** Information given follows **
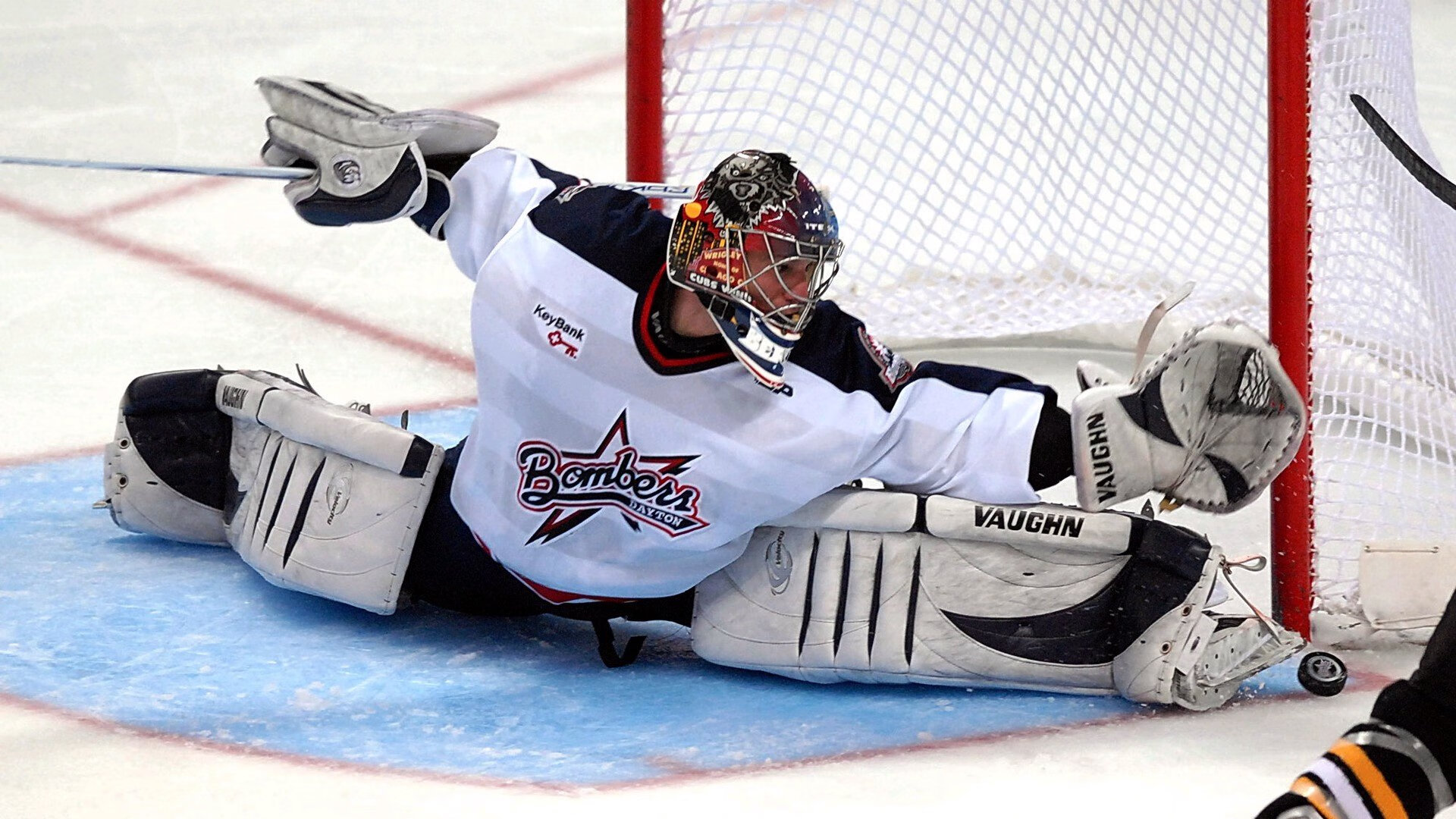 电竞战队的商业模式：赞助合作与周边销售，电竞战队靠什么赚钱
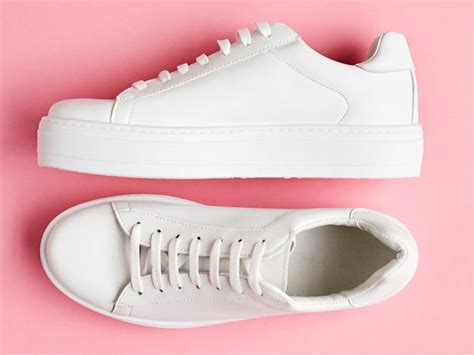 6 Classic White Sneakers For Women In 2023 White Fashion Sneakers White Sneakers Women White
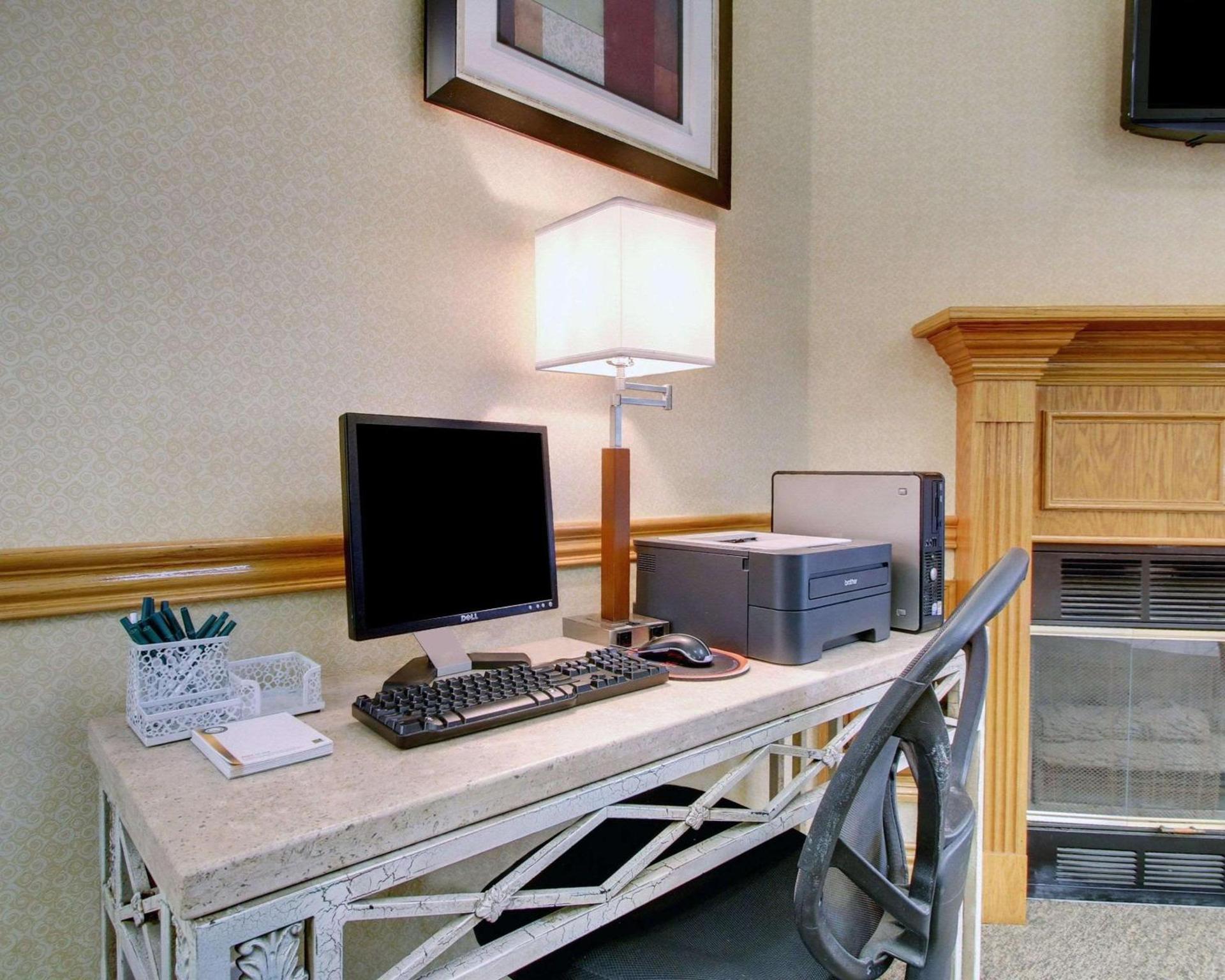 Columbia Inn & Suites photo 2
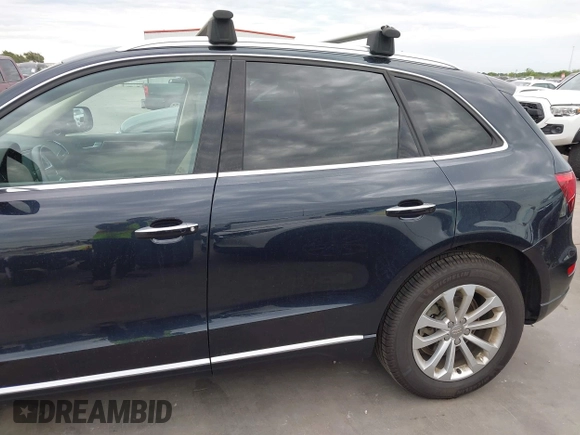 2016 Audi Q5 Premium Plus with VIN WA1L2AFP1GA127825, listed as a IAAI auction lot 42441297 with 97,985 mi miles and . Bid and sale history available at DreamBid. Image 14.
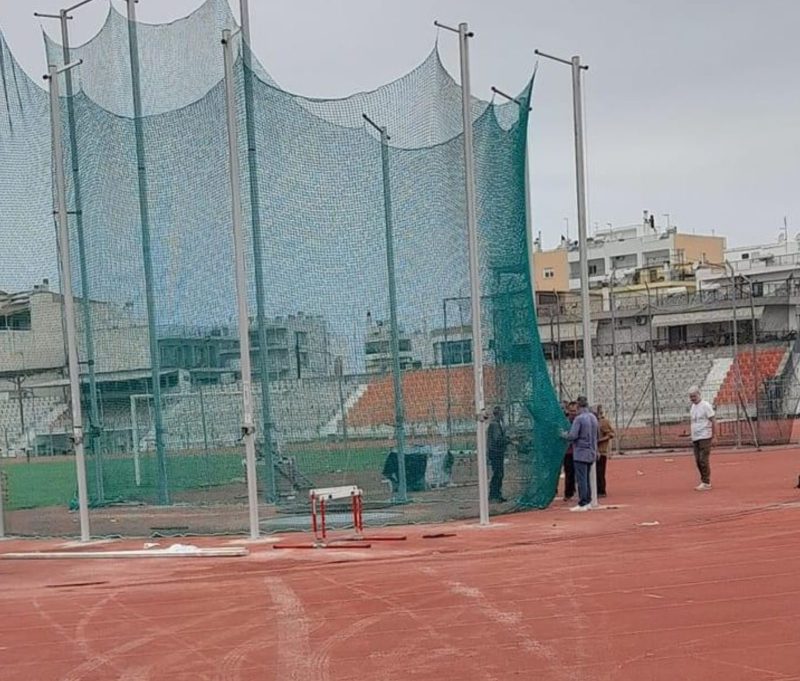 Εύβοια: Καταγγελία για την στατικότητα στο Δημοτικό Γήπεδο Χαλκίδας- Τι απαντά η Δήμαρχος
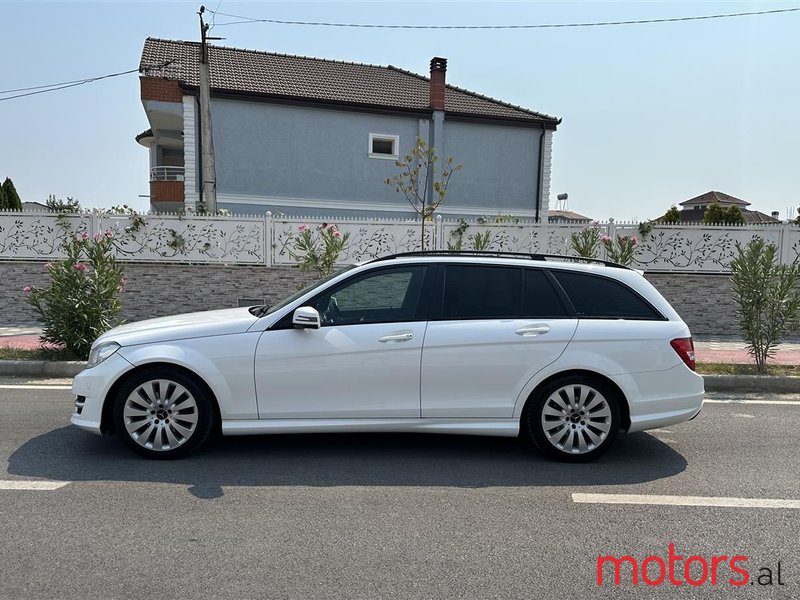 2012' Mercedes-Benz C 180 photo #5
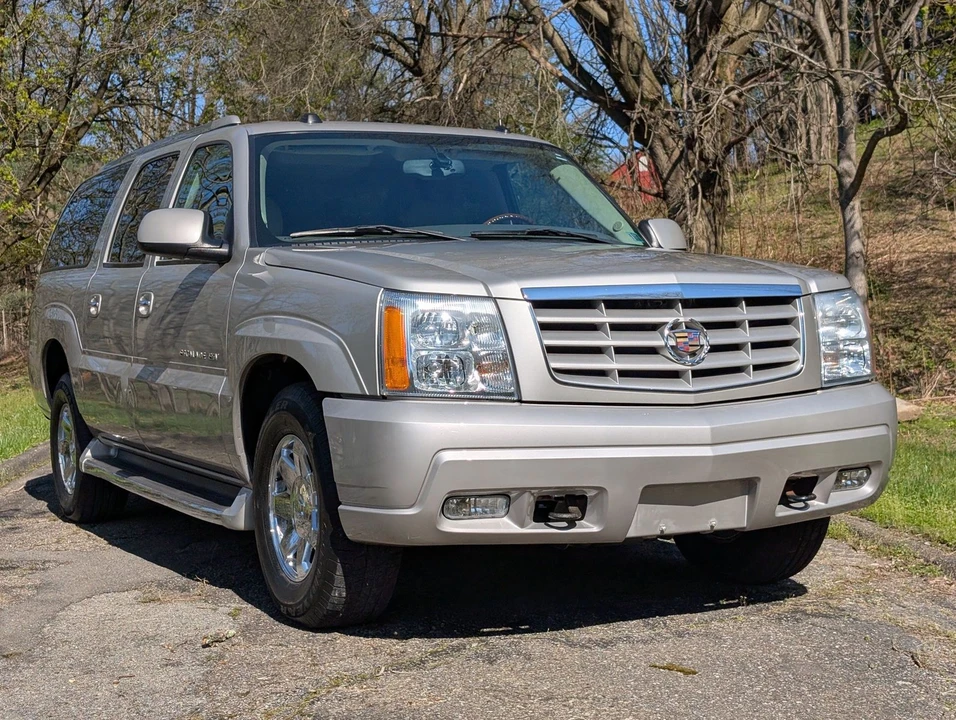 2004 Cadillac Escalade & EXT 2nd Gen - Image 3 of 31
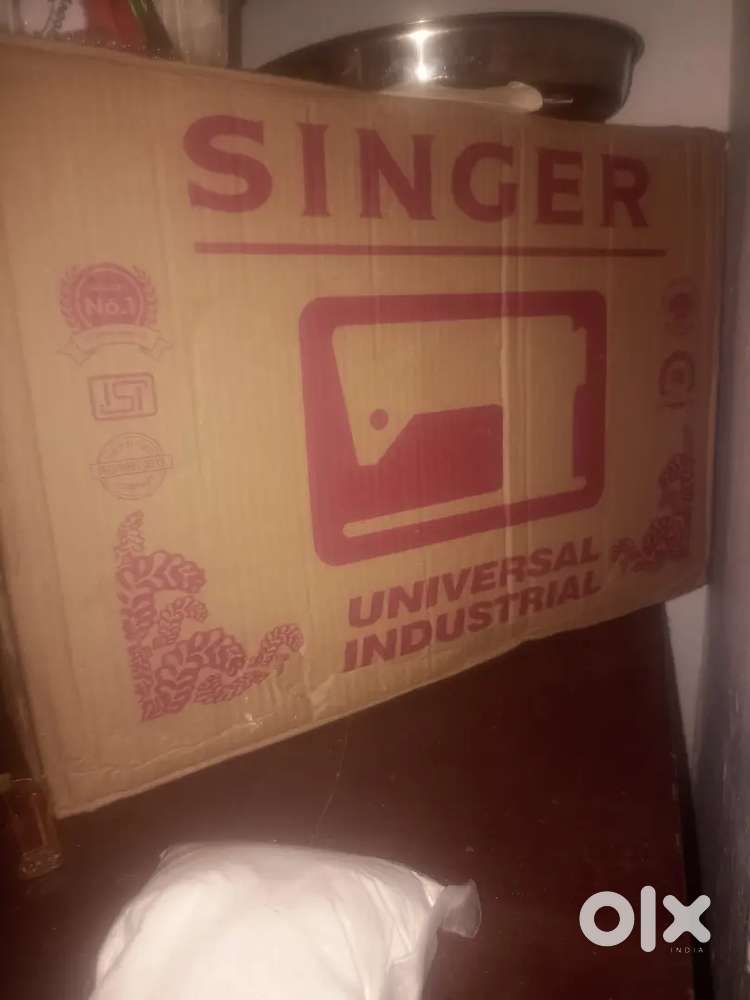 Singer universal company sali machine brand new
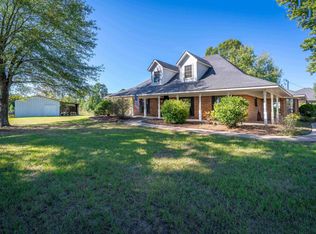 5896 Nuthatcher Rd, Gilmer, TX 75645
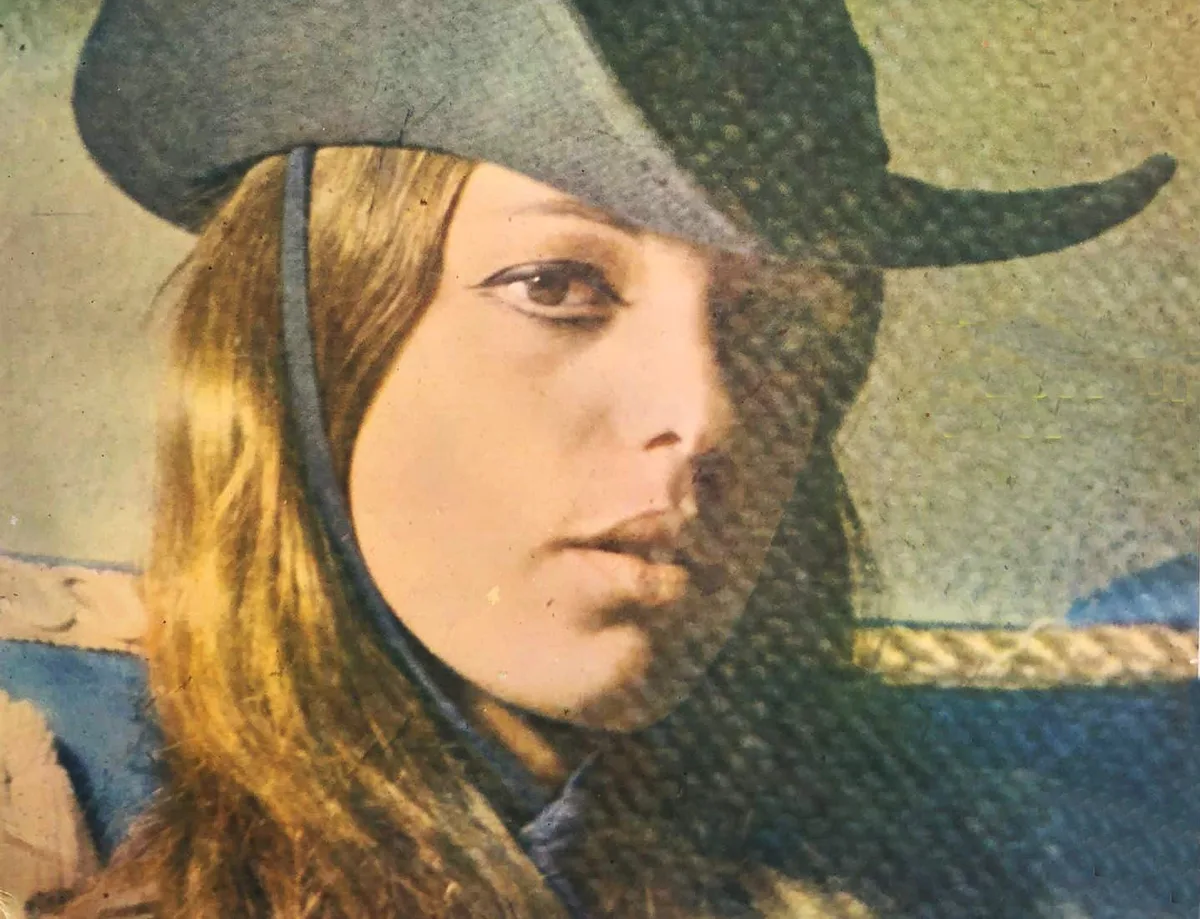 Voz etérea de 'Teletema', Regininha deixa álbum gravado com a Turma da Pilantragem e música na discografia de Roberto Carlos ao morrer aos 81 anos
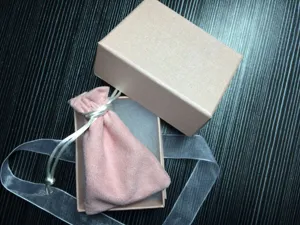 Rosa Schmuckgeschenkbox Set mit weichem Samtbeutel und Band für romantische Geschenke.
** End of Information given **
Requirement: The answer must be an exact copy of the lines from the one containing "2016 Audi Q5" through the last line of the records, with no pictures included.

Solution to this exercise:
 2016 Audi Q5 Premium Plus with VIN WA1L2AFP1GA127825, listed as a IAAI auction lot 42441297 with 97,985 mi miles and . Bid and sale history available at DreamBid. Image 14.
 Εύβοια: Καταγγελία για την στατικότητα στο Δημοτικό Γήπεδο Χαλκίδας- Τι απαντά η Δήμαρχος
 2012' Mercedes-Benz C 180 photo #5
 2004 Cadillac Escalade & EXT 2nd Gen - Image 3 of 31
 Singer universal company sali machine brand new
 5896 Nuthatcher Rd, Gilmer, TX 75645
 Voz etérea de 'Teletema', Regininha deixa álbum gravado com a Turma da Pilantragem e música na discografia de Roberto Carlos ao morrer aos 81 anos
 Rosa Schmuckgeschenkbox Set mit weichem Samtbeutel und Band für romantische Geschenke.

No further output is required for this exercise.